What has Sign Language got to do with being a Business Analyst…? In simple terms, both are processes of interpretation, not – and this needs to be stated clearly – ‘just’ processes of translation.
Not that there is anything WRONG with translation – its an important skill in some scenarios – but translation skills alone will not really be enough to be a good BA (in my view, at least. Feel free to disagree!). Translation and interpretation are related but different processes in the same way that Cryptography & Steganography are related but different. Only by knowing which you are supposed to be applying can you hope to do it right! By the way, don’t worry if you don’t know your Steganography from a Stegosaurus… it’s obscure / specialised, which kind of illustrates my point: knowing what they are is only part of the battle.
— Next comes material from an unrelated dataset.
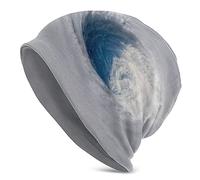 Tropical Cyclone Typhoon Storm Immagine psichedelica Beanie Cappello chemio Cappello Cancro Copric Cappelli a Maglia Cappelli Larghi Sciarpa Morbida per Adulti Donna Uomo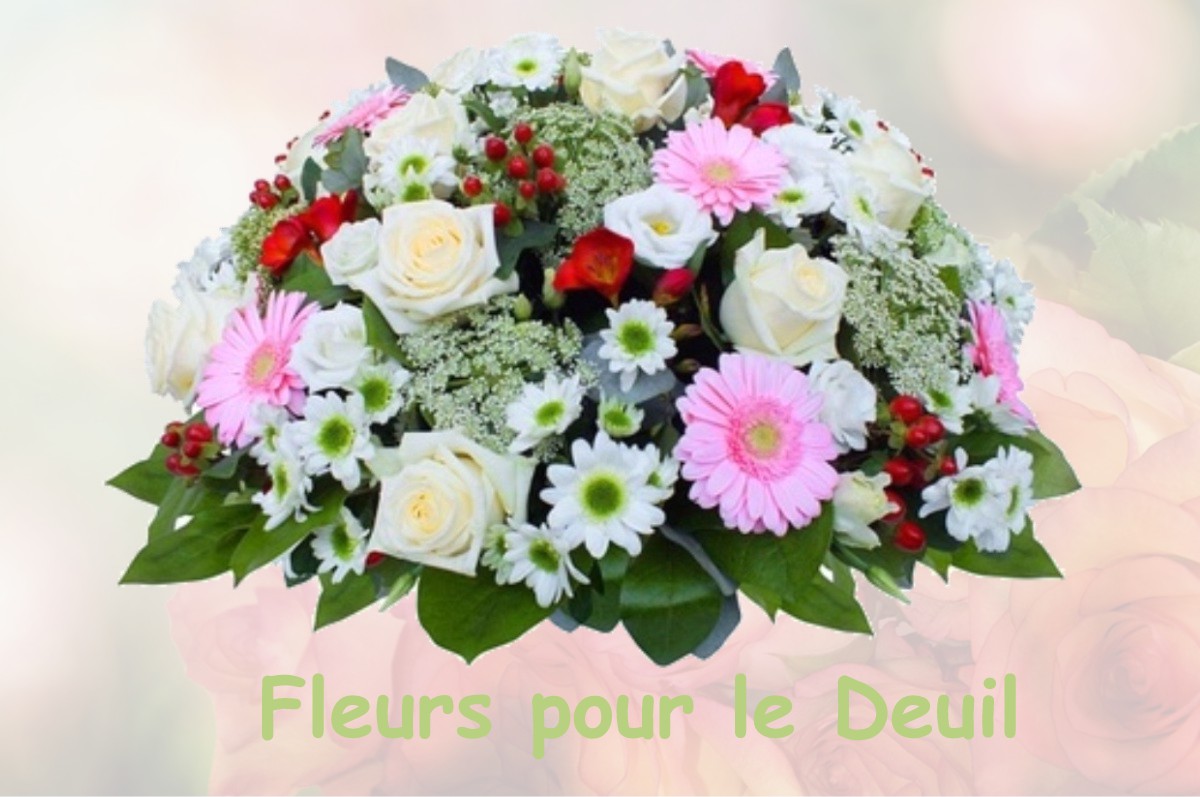 fleurs deuil BLANDIN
Surely there is very little difference (perhaps just terminology?) between interpretation and translation? If you think this, and you are intending to follow a career as a Business Analyst, you’re in for a bit of a surprise and you’re also limiting your potential employability. If you’re already a BA and still think that what you do is translation rather than interpretation, you should consider the bigger picture. Learning to interpret (or, to be more precise, learning that what we BAs do primarily involves interpretation) will make you a far better BA. It is, from my experience, expected of BAs that we can interpret rather than ‘just’ translate. It’s also something we should do even when stakeholders don’t necessarily think we need to. We have all been in scenarios where the Stakeholder defines a particular requirement only for us to discover that the ‘requirement’ is to deal with a problem caused by something else (fixing the symptom instead of the cause).
If you are asked to interpret a User’s requirements but you simply translate instead, the chances of getting the best outcome are likely to be slim. You might get the translation ‘right’ according to the Stakeholder’s instructions but sometimes ‘right’ is not enough.In fact, ‘right’ is sometimes wrong!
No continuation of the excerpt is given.